++++ TASK INPUT

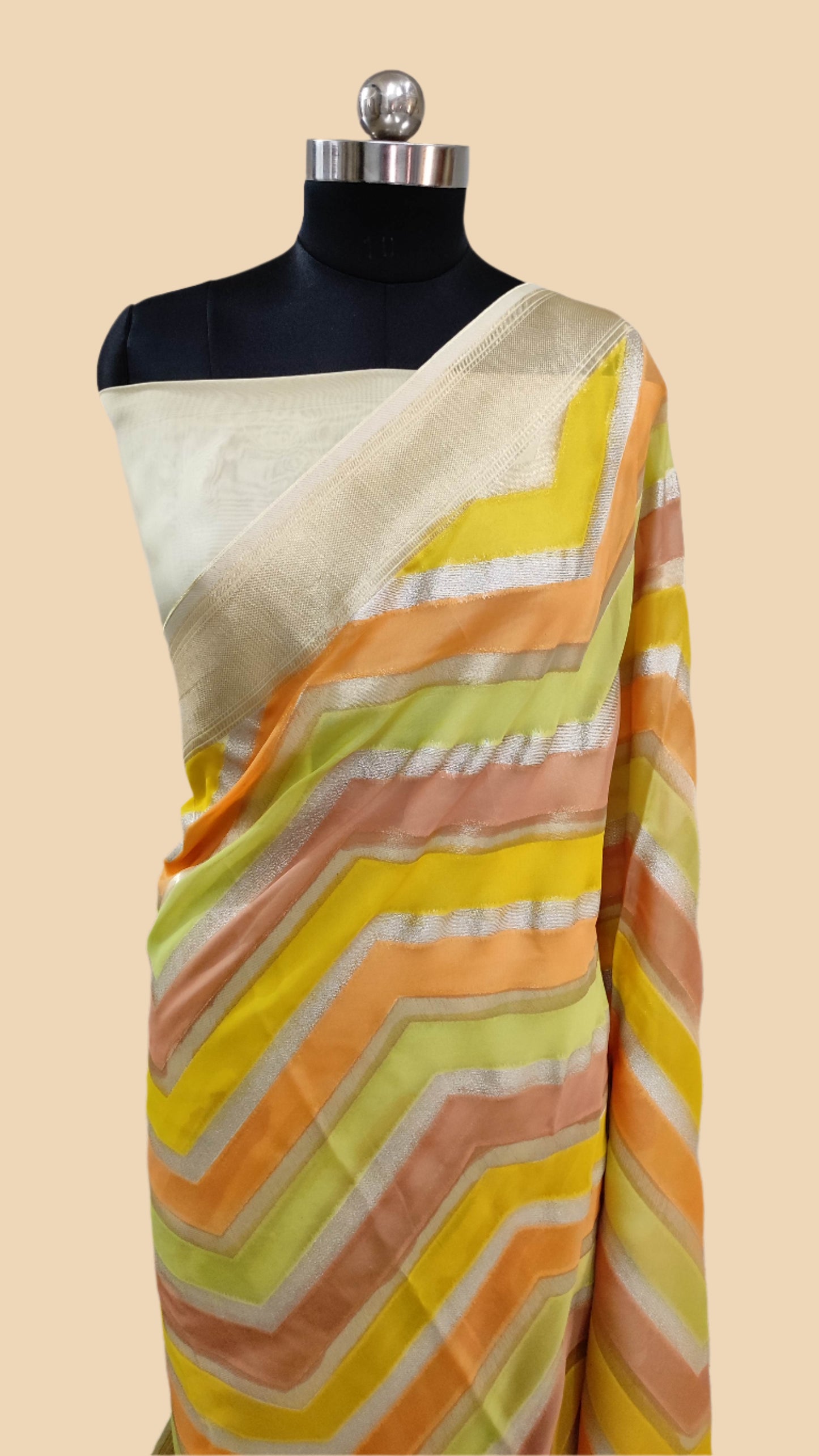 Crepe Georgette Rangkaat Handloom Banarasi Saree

++++++++
++++ TASK INPUT

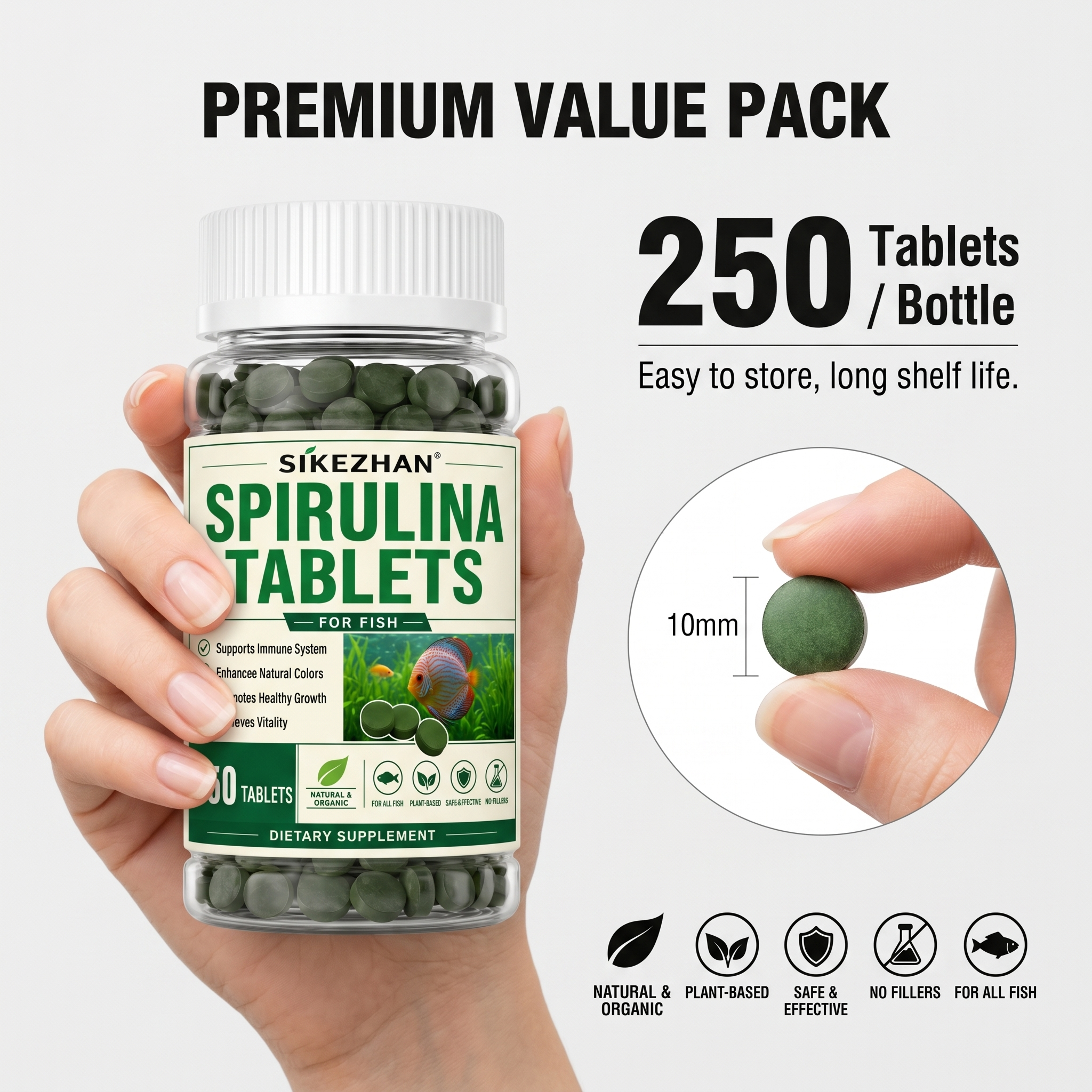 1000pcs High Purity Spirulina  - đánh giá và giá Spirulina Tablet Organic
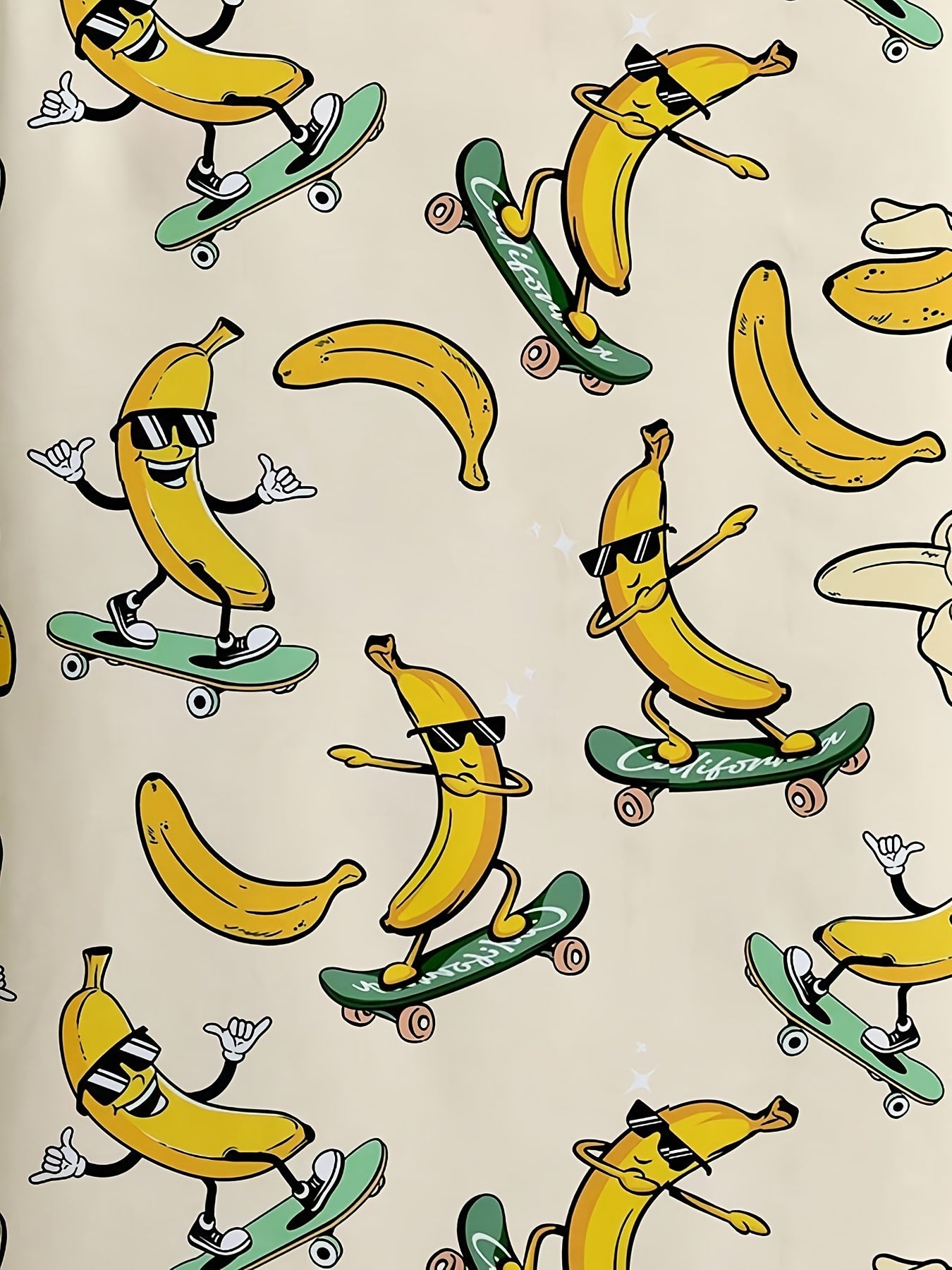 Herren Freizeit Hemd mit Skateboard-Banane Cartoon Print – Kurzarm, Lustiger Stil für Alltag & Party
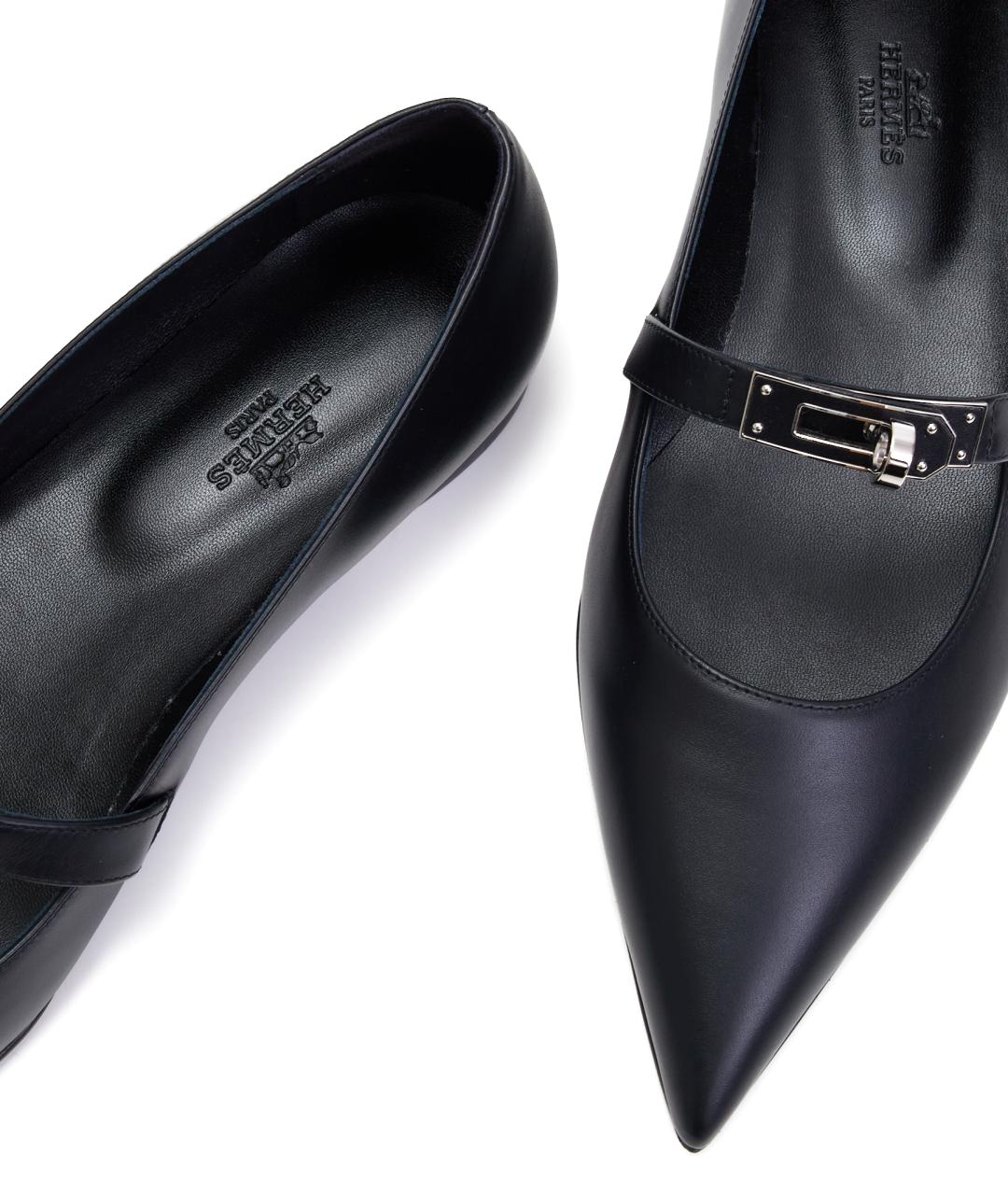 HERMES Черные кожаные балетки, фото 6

++++++++
++++ TASK INPUT

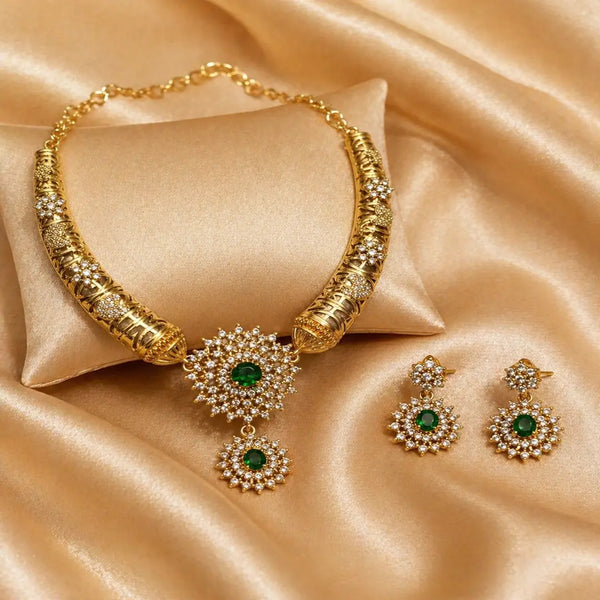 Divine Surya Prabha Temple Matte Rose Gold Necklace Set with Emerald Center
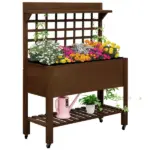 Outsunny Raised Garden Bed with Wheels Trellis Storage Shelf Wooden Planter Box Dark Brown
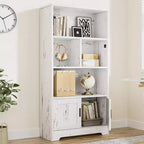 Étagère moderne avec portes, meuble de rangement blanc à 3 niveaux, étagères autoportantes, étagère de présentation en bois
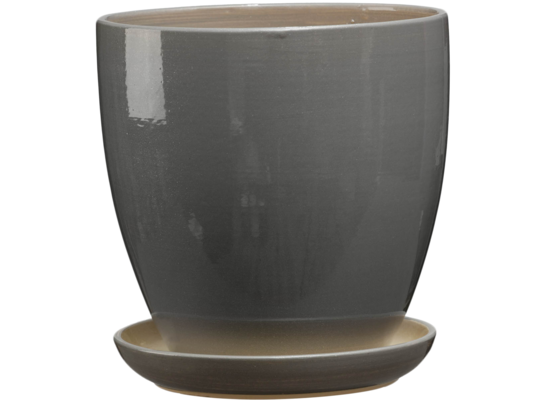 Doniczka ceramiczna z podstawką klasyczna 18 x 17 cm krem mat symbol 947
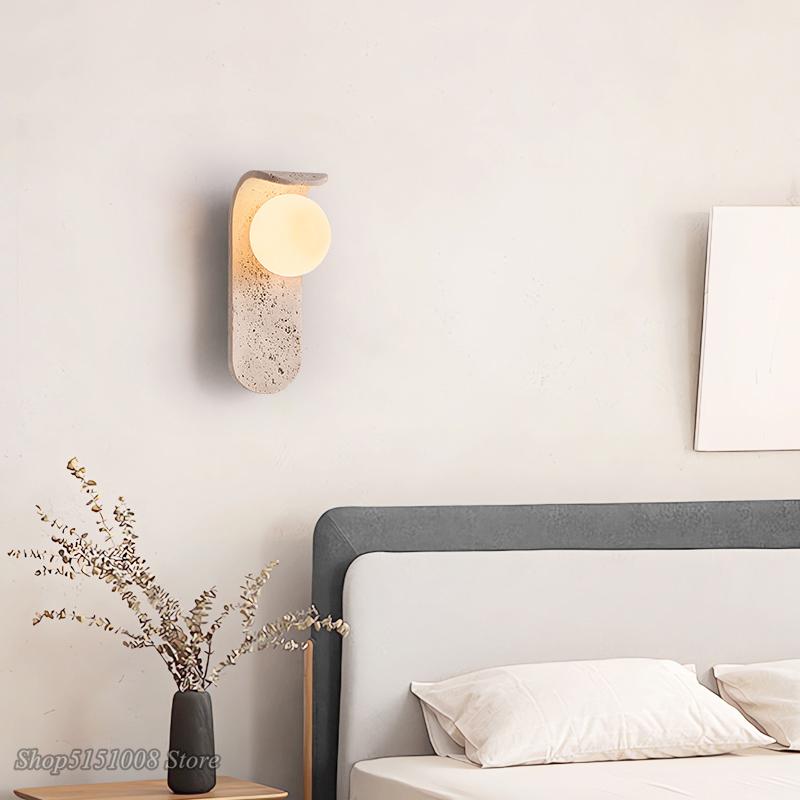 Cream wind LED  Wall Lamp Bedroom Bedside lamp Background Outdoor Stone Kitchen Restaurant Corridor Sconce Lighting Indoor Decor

++++++++

WHAT IS REQUIRED |
For this exercise, set down the lines in the entries above from the one with "1000pcs High Purity" through the one with "HERMES Черные кожаные балетки, фото 6" exactly as written, without any pictures.

SOLVED PROBLEM |
 1000pcs High Purity Spirulina  - đánh giá và giá Spirulina Tablet Organic
 Herren Freizeit Hemd mit Skateboard-Banane Cartoon Print – Kurzarm, Lustiger Stil für Alltag & Party
 HERMES Черные кожаные балетки, фото 6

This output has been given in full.